## DATA
════

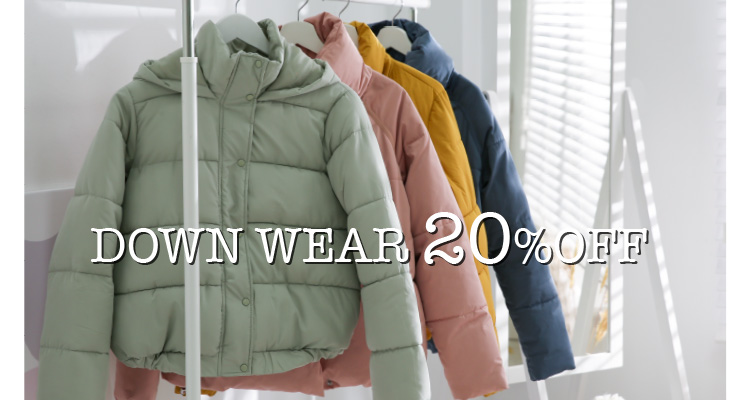 DOWN WEAR 20%OFF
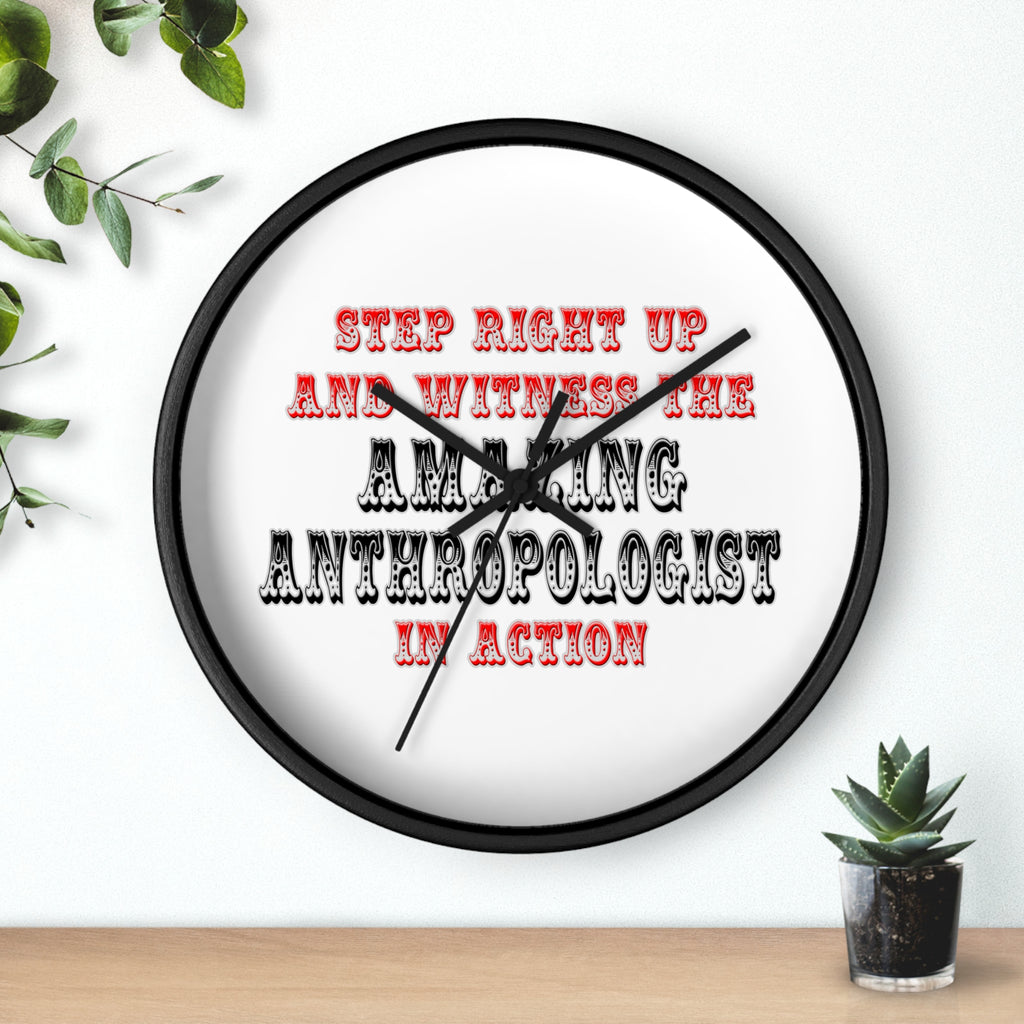 Amazing Anthropologist In Action - Wall Clock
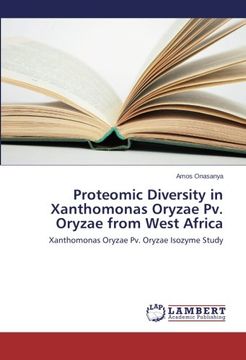portada Proteomic Diversity in Xanthomonas Oryzae Pv. Oryzae from West Africa
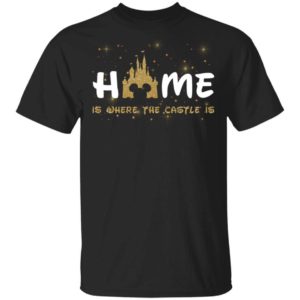 Disneyland Home Is Where The Castle Is Shirt Apparel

════

## WHAT IS NEEDED
All of the material above should be output exactly, with the pictures left behind.

## EXERCISE OUTPUT
 DOWN WEAR 20%OFF
 Amazing Anthropologist In Action - Wall Clock
portada Proteomic Diversity in Xanthomonas Oryzae Pv. Oryzae from West Africa
 Disneyland Home Is Where The Castle Is Shirt Apparel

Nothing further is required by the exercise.